While it's a relatively new development for the Qld Government, public access for assistance dogs has been protected by federal legislation since 1992, under the Disability Discrimination Act (DDA). So public access privileges for assistance dogs in Qld is not a new phenomenon; assistance dogs already had a legal right to access public transport and other public spaces with their handler. The DDA specifies that a person can not be denied access to a public place on the grounds that they are accomplanied by an assistance dog.
There are some gaps in the GHADogs legislation that means that not all people with a properly trained assistance dog are able to comply with the legislation. For instance, if a person with a disability has trained their own assistance dog, without going through an assistance dog training organisation, they are required to find a DSQ-approved trainer or training organisation that is able to accredit their dog under the new legislation. This often proves very difficult as trainers and training organisations that administer a public access test bear some responsibility for the behaviour of that dog in public. Therefore, trainers and training organisation are unwilling to test dogs whose previous training and behaviour history is not known to them.
Canine Helpers remains the only organisation that offers a certification course for privately trained assistance dogs, which takes six months to complete. There is no quick answer to accrediting a privately trained dog, and there are currently no DSQ-accredited training organisations that are able to accredit a dog that was not trained by that organisation apart from Canine Helpers. An alternative is to employ accredited trainers to train the dog. This can prove very costly.
The legislation fails to provide for assistance dogs visiting from interstate with their handler. Visitors to Queensland should contact the Guide, Hearing and Assistance Dogs Section of the Department of Disability Services to get guidance on the likely obstacles to access they may experience or to seek a 'common sense' solution with the Departmental staff concerning their access requirements during their visit.
Assistance dogs still retain their public access privileges, and can continue to accompany their handler in public places, protected by the DDA. The difficulties they face, however, include battling with DSQ's own promotion campaign regarding the GHADogs Act, which specifies that assistance dogs must wear a DSQ logo on their coat or harness, and handlers must carry a DSQ-issued ID card.

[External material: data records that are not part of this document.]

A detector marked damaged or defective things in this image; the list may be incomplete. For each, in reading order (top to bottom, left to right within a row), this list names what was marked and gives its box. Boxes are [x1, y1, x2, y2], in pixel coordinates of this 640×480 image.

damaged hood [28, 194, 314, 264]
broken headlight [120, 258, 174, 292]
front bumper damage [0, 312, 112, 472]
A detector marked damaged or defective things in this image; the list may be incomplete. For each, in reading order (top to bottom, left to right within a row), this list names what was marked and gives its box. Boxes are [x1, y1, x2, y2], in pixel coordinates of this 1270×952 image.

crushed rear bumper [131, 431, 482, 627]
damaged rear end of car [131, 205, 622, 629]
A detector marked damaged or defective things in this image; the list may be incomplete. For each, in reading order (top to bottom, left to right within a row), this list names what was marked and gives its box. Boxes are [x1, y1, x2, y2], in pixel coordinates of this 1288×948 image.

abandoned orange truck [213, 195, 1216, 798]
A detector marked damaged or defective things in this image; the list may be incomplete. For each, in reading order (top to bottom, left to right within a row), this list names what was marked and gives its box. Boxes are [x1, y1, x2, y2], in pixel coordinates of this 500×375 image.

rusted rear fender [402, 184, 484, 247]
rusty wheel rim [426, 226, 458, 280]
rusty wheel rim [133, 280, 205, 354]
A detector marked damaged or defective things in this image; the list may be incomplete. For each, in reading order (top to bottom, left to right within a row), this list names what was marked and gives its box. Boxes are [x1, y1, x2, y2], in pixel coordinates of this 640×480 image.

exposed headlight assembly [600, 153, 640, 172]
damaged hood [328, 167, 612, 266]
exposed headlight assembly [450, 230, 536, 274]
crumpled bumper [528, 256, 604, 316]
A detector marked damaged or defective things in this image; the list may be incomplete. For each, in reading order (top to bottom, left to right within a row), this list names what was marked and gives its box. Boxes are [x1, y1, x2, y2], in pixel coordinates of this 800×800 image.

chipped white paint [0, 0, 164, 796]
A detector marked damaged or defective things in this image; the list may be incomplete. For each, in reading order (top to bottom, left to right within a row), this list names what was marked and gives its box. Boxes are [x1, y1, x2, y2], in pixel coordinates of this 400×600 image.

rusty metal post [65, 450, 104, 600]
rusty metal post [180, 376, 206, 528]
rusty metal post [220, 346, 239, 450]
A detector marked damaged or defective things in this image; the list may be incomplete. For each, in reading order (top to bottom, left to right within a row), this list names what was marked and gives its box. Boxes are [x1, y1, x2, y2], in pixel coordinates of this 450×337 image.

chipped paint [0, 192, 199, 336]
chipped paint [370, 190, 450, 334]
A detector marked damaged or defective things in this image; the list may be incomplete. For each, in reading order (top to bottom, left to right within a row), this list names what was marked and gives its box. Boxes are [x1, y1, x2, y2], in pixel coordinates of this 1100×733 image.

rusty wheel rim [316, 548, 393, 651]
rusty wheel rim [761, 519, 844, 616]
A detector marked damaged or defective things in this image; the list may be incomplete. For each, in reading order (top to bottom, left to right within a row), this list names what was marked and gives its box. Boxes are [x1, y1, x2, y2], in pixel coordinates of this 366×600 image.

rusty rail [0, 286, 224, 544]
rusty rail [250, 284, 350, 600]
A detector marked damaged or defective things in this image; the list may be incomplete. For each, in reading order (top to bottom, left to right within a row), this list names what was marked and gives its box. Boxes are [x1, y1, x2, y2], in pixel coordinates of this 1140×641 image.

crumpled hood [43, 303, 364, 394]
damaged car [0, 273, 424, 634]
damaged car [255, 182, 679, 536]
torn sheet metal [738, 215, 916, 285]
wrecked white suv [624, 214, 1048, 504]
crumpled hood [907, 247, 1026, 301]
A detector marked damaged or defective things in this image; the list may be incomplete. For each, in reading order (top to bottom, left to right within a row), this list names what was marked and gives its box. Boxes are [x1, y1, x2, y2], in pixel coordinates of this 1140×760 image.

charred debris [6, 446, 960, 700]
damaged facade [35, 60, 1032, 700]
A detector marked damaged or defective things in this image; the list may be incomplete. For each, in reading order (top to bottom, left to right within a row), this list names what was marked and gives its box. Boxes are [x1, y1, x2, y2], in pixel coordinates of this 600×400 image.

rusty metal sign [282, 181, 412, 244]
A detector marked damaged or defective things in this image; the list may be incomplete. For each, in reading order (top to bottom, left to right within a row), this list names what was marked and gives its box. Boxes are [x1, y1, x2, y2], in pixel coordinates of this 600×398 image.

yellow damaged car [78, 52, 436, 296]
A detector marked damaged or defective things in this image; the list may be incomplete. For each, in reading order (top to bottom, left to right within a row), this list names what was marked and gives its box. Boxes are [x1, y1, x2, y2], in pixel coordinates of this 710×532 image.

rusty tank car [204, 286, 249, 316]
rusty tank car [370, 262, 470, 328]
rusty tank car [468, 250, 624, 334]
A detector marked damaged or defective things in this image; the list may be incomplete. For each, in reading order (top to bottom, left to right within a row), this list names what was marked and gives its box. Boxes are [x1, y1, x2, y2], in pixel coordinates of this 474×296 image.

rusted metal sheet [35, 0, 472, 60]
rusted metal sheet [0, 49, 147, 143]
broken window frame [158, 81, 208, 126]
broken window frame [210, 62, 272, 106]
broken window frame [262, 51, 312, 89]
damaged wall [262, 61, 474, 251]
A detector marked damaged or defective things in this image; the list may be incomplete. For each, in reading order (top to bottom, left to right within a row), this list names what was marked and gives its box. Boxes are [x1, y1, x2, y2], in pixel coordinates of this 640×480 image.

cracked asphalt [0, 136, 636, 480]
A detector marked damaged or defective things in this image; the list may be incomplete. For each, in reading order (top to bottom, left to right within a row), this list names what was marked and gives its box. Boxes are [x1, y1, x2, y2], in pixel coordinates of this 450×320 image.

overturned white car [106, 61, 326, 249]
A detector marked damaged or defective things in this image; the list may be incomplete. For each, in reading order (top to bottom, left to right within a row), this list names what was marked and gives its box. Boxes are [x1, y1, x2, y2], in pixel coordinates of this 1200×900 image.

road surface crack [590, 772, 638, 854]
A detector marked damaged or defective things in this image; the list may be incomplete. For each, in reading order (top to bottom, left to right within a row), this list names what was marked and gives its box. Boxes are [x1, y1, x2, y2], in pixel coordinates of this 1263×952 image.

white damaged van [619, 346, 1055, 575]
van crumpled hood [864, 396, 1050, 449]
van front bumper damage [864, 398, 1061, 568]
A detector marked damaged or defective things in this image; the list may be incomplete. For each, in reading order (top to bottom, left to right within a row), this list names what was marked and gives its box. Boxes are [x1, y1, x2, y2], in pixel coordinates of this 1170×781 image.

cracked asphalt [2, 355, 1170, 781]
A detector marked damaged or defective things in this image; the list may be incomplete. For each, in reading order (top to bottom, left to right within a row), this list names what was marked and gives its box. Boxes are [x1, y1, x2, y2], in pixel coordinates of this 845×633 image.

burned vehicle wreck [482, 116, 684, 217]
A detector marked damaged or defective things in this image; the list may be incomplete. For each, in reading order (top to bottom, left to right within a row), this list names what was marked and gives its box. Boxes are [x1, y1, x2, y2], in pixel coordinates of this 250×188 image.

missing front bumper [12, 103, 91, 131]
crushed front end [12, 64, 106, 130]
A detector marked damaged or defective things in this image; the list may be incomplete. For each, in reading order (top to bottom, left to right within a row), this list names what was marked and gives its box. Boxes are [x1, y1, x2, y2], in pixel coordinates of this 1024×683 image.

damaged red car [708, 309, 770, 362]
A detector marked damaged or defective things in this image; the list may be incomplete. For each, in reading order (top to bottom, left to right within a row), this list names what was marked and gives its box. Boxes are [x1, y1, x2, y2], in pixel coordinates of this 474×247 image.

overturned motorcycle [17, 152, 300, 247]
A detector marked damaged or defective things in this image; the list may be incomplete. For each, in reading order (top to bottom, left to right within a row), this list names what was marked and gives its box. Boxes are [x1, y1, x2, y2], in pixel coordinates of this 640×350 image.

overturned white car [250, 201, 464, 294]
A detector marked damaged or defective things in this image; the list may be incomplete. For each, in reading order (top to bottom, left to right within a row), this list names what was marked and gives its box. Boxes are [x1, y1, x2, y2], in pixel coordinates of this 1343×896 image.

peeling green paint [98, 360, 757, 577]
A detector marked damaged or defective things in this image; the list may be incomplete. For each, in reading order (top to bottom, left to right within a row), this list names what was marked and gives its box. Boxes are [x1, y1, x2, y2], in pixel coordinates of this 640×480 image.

Public transport officials and business owners are trying to do the right thing by members of the public by questioning people with dogs in public, armed with information brochures from DSQ with pictures of "assistance dogs" in "ID coats" sporting the DSQ logo. A Handler and Assistance Dog without the proper Qld accreditation can be asked to leave public areas like shopping centres and public transport. While the Handler may subsequently approach the DDA and receive a favourable response, that is not very helpful at the time the public access is denied them.